Pour toi, la jeunesse était plus solitaire que la vieillesse, la tienne surtout, confrontée à l’injustice éclatante, à l’étouffement de la vérité, à la mise à mort des plus puissants idéaux. L’espoir saccagé, tes rêves te paraissaient absurdes et irréalisables, tu sentais le cercle de lumière autour de toi se rétrécir, tu entendais le murmure terrifiant des ombres et leur implacable violence annihilait ton avenir.
Pourtant, Anne, cloîtrée dans ton Annexe, tu savais jouir du bleu tendre ou froid du ciel, et tu écrivais sur ce bonheur au fond de toi, la beauté que l’on puise dans le chagrin, la force invariable de la joie. Tu cherchais l’équilibre, restais confiante et courageuse en évitant de sombrer dans la détresse. Tu cachais Anne la douce à ton entourage, mais elle est dessinée aujourd’hui dans chacune de tes pages. Celle exubérante et amusante, tu la rejetais, c’est elle toutefois je crois qui te permettait de tenir, qui exaltait tes idées, amplifiait tes élans d’amour et durcissait tes emportements de haine.
Anne, tu es surtout une enfant curieuse, ta soif de connaissance est étonnante, tu questionnes déjà les rôles des hommes et des femmes, tu compares les sexes et analyses ton désir, tu scrutes sans concession ton entourage et les liens humains, les confrontations et les bassesses, les apparences et les profonds sentiments. Tu t’étudies comme si tu t’étais étrangère, avec l’objectivité rude dont tu fais preuve dans ta peinture des autres. Tu te désespères de la faiblesse de caractère de tes proches, tu pries pour une vie exceptionnelle, rejettes l’idée d’un foyer ordinaire, refuses de te satisfaire du travail et de la famille pour seuls repères. Tu as besoin de grandeur. Tu as besoin de brillance.
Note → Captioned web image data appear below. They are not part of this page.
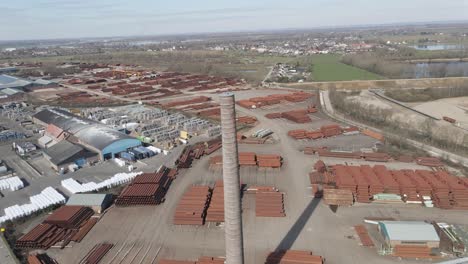 Jib-up-of-old-smoke-stack-overlooking-large-industrial-junk-yard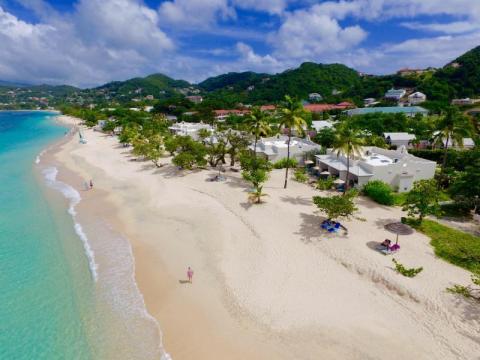 Aerial view of a beach with crystal clear waters, white sands, and lush green hills.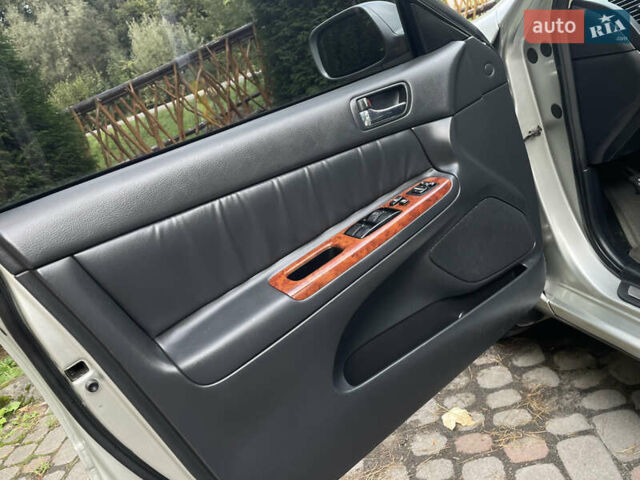 Серый Тойота Камри, объемом двигателя 3 л и пробегом 240 тыс. км за 6250 $, фото 19 на Automoto.ua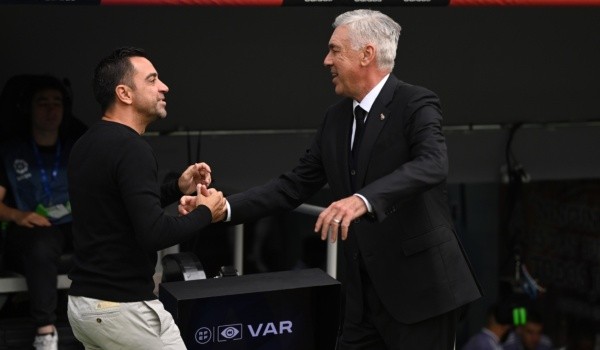 Xavi y Carlo Ancelotti: Getty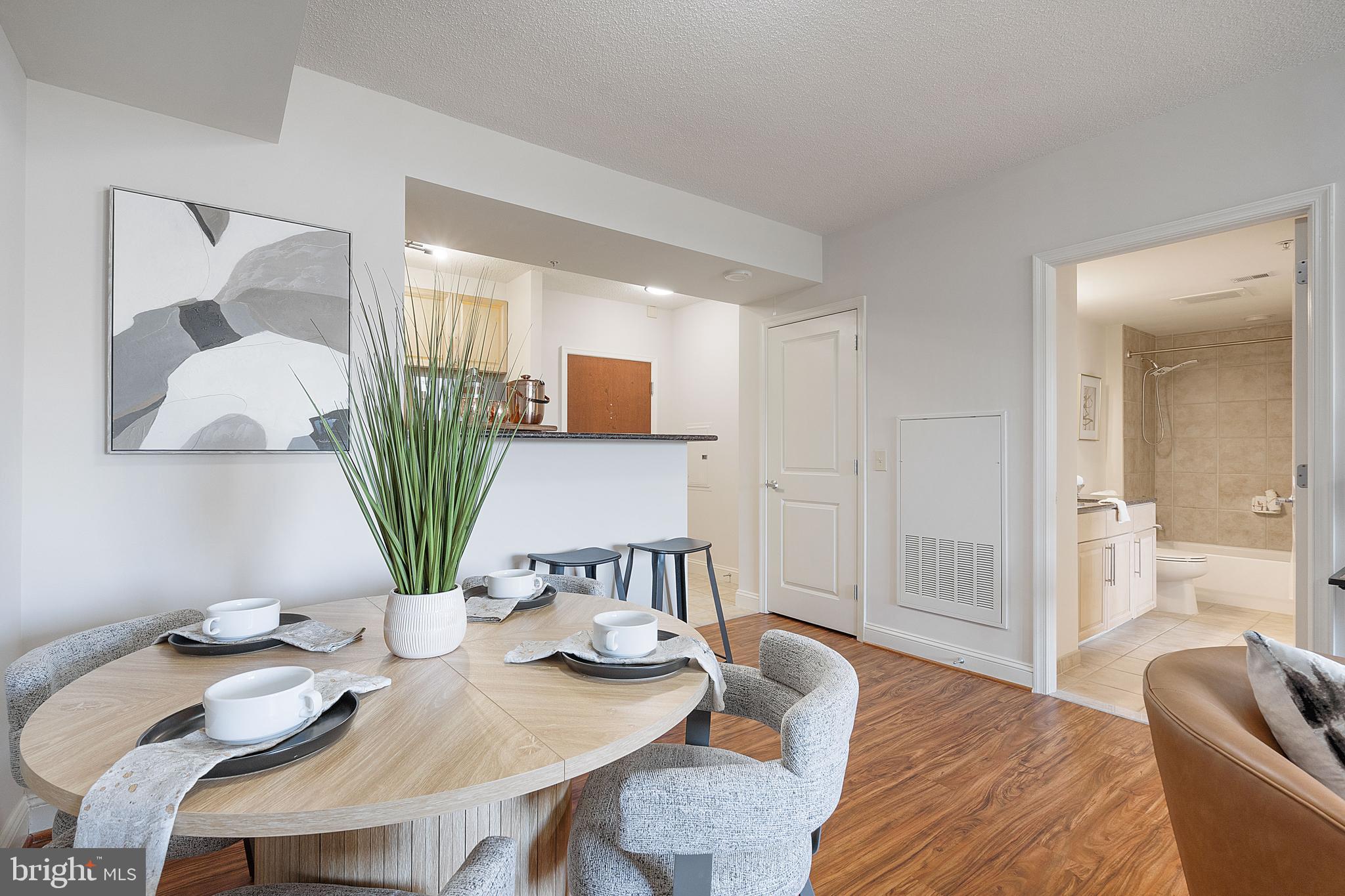 11760 Sunrise Valley Drive, Unit 209 Reston, VA 20191 - Photo 22 of 23 a living room with furniture potted plant and a table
Ta volonté de vie n’a pas d’égal. Alors tu te désoles de l’âme humaine, de son besoin de ravager et de détruire, de cette frénésie dans la violence, ce bouillonnement dans l’amertume et la malveillance. Tu ne parviens plus à imaginer ton futur, ta vie après la guerre, ton existence une fois sortie de cette tourmente. Les ténèbres te rattrapent, comme dans les cauchemars que la valériane ne calme pas. Pourtant, tu crois en la bonté innée des hommes, tu continues d’écrire et réécrire ton journal en espérant qu’il pourra être un témoignage de ton passage, de ce quotidien de clandestins que tu qualifies d’aventure. La mort frappe à la porte et encore tu te projettes, tes yeux restent fixés sur l’horizon.
Tu ressentais la souffrance des millions qui ont disparu avec toi. Contradictoire fillette, jeune fille réfléchie, passionnante et passionnée amie, tu n’es plus toi-même uniquement pour toi. Disparue dans l’horreur, tu résistes à l’oubli, et sans qu’aucune ride n’altère ton visage, tu restes un symbole à protéger. Tu n’es pas uniquement l’innocence dévorée, preuve que la folie croque les âmes talentueuses et animées, tu demeures cette étoile qui éclaire nos routes, ce que tu aurais aimé faire si tu avais eu le choix, si l’Histoire n’avait pas rattrapé tes pas.
Le ciel est toujours là. L’atrocité humaine persiste. La bienveillance résiste. Il faut suivre ton chemin, celui de l’épanouissement et du questionnement, des passions et de la raison, prendre sa plume non pour divertir mais pour dire, exprimer ce que l’humanité ne doit jamais oublier, ce que toi, Anne, tu avais commencé.